La vérité étant rétablie, revenons maintenant à l’annulation par le Premier ministre israélien du voyage qu’il devait effectuer à Washington pour assister au sommet organisé par Obama sur la sécurité nucléaire. Tous les commentateurs, y compris israéliens, avancent deux raisons pour expliquer cette annulation. D’abord éviter de rencontrer le président américain avec qui Netanyahu n’est pas dans les meilleurs termes et qui n’aurait sûrement pas manqué de lui poser des questions embarrassantes sur les colonies. Ensuite, avec la présence de la Turquie et de l’Egypte à Washington, Netanyahu était certain qu’il serait interpellé avec insistance pour s’expliquer sur les raisons qui poussent Israël à refuser depuis 40 ans de signer le traité de non prolifération nucléaire et d’ouvrir le site de Dimona à l’inspection de l’Agence internationale pour l’énergie atomique.
L’activisme anti-nucléaire du président Obama est parfaitement louable, même s’il est motivé aussi, entre autres, par le désir de justifier a posteriori son prix Nobel de la paix, dont l’obtention a suscité des réserves, et même une levée de boucliers un peu partout dans le monde. Cela dit, les inquiétudes du président américain de voir des armes de destruction massive tomber entre les mains de terroristes suicidaires sont légitimes et le sommet qui se penche actuellement à Washington sur ce gros problème est le bienvenu.

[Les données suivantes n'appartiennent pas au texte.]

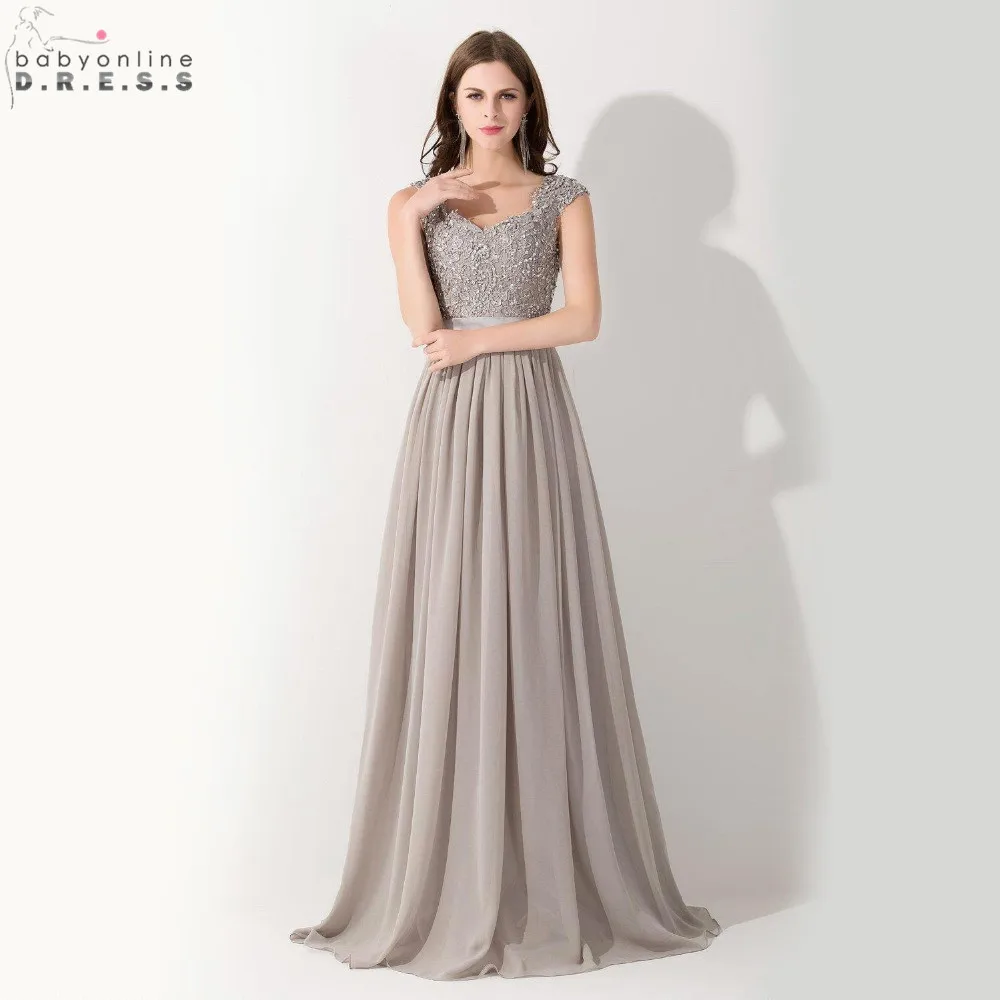 Vestido de Festa Casamento Сексуальное Прозрачное Шифоновое Кружевное Платье С Открытой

Seulement l’ordre du jour de ce sommet est biaisé. Tel qu’il est conçu et discuté, cet ordre du jour risque fort de faire du sommet sur la sécurité nucléaire une réunion d’amis qui se sont réunis pour bavarder un moment ensemble avant de se quitter pour s’occuper chacun de ses tâches routinières. Les deux sujets fondamentaux qui manquent à l’ordre du jour du sommet de Washington sont les sources du terrorisme dans le monde et la question nucléaire israélienne.

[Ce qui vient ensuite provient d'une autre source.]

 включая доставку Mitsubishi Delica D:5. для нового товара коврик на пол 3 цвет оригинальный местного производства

C’est bien de tenter de sécuriser les armes nucléaires de manière à ce qu’elles ne tombent jamais entre les mains de fanatiques suicidaires. Mais c’est encore mieux de remonter jusqu’aux racines du phénomène du terrorisme : l’injustice, la misère et l’ignorance. Et cet aspect fondamental est totalement ignoré par le sommet de Washington.
D’un autre côté, et c’est une question de crédibilité, le sommet ne peut pas à la fois pointer du doigt le « danger » que représentent des pays qui ne possèdent aucune arme nucléaire et qui, de surcroît, sont signataires du TNP, et ignorer le vrai danger que représente le seul pays détenteur d’armes de destruction massive dans la région et qui, de surcroît, refuse obstinément depuis quatre décennies de signer le traité de non prolifération. Car si Washington ne voit aucun problème dans la détention par Israël de centaines d’ogives nucléaires, des centaines de millions d’Arabes et de musulmans sont d’un avis un peu différent.